After each set, whether it was Peter or me, we were absolutely MOBBED by the audience. Autographs, pictures, autographs, pictures, autographs... those who read my last blog have some insight into what it was like; I certainly appreciate being appreciated, and I certainly get disgruntled about being exploited, and it was always a mix of both, really. The cycle occurred every hour: play, chaos, rest, repeat. After the first day it became handle-able, and after the second; kind of fun. So you wanna be a rock 'n roar stah...
------------------------------------------------------------------------------ You have a drumstick, and your brain stops ticking.
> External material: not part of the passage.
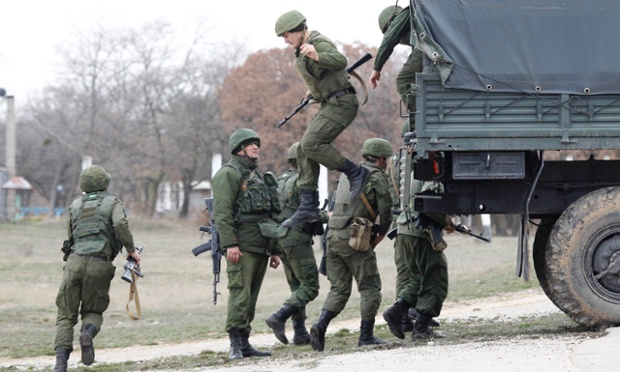Russian servicemen disembark from a vehicle at the Belbek airport in the Crimea region.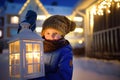Little child is waiting Santa Claus on snowy street of small town on Christmas eve. Boy is holding large lantern with burning Royalty Free Stock Photo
I should talk about the food. We went to many restaurants during this trip, and I ate nothing that remotely resembled "Chinese Food" as we know it here in the States. One 24 hour restaurant, I was told, was "Hong Kong Style"-- they served, amongst many other things, steamed bullfrog, steamed pig face, pig stomach, pig liver, pig kidneys, "delicious fatty fish", and a delicacy called "aged egg". They really need to hire new translators for the menus... I mean, how does an adventurous American eater keep from salivating at the sound of these dishes? I had noodles and bean sprouts, and actually did find something I like a lot... these hollow pastries covered in Sesame seeds came out; they smelled wonderful, and the boss said he thought I'd like them, so I ripped one apart to try it... ...the inside was totally covered in what I can only describe as Black Ooze. It looked disgusting. It was like a beautiful sesame pastry defiled by the nastiest pitch black mud. I ate it.
It was amazing. The ooze is just jelly from an actual BLACK-berry. Like if blackberries were actually BLACK. And it's warm. I could have survived on the stuff; it was the closest thing to a bagel with jelly I had there. Oh, and wontons... I had big wontons with the soup on the IN-side... that got messy. But this was good. Very good.
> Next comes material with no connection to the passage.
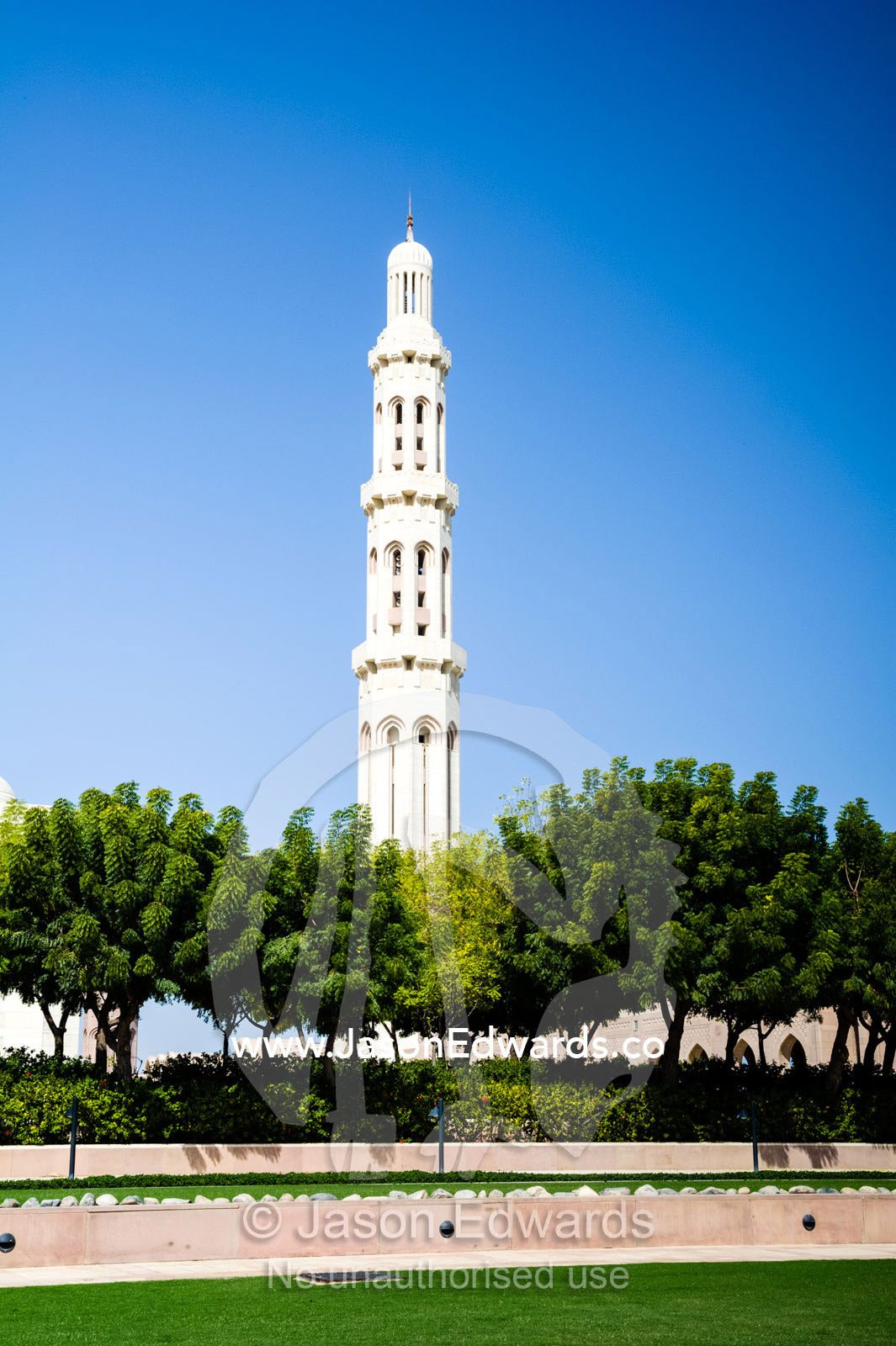 An ornate stone minaret towers over lush gardens in the Grand Mosque. Sultan Qaboos Grand Mosque, Muscat, Sultanate of Oman.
The other new experience was authentic Hunan cuisine. You can go ahead and order your kung-pao chicken extra hot, but these people will kick your ass with their mild sauce. Unbelievable; it was hotter than the hottest Buffalo Wings I ever had, and I was sweating embarrassingly. It was heaven. And I ate bullfrog. It... (wait for it) ...it....
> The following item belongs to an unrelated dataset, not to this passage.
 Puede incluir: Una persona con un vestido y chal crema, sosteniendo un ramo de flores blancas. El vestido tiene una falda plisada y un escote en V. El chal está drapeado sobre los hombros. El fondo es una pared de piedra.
...it tastes like chicken. Honest!
------------------------------------------------------------------------------ Herroh. Bro Job. Herroh.
Odd that I'd find myself addressed with these exact words. Oh but it happened. To me, to Peter, to pretty much everyone walking down the same street as us on our way to a Warwick dinner event in the "classy" part of town on the riverfront. It looks very French, and it's called "the Bund", and I have never been offered more sex and drugs in my life than in the five blocks I walked to the restaurant. The pushers weren't pushy at all. They didn't even make eye-contact; they simply walk by, constantly repeating under their breath so that you can hear them as you pass, "Herroh. Bro Job. Herroh. Bro Job," and they accentuate between phrases with lip-smacking noises to get the point across. I guess it's all supposed to be very subtle, because the first guy that said it to me looked scared when I burst out laughing. Awesome. I scared a Chinese pimp.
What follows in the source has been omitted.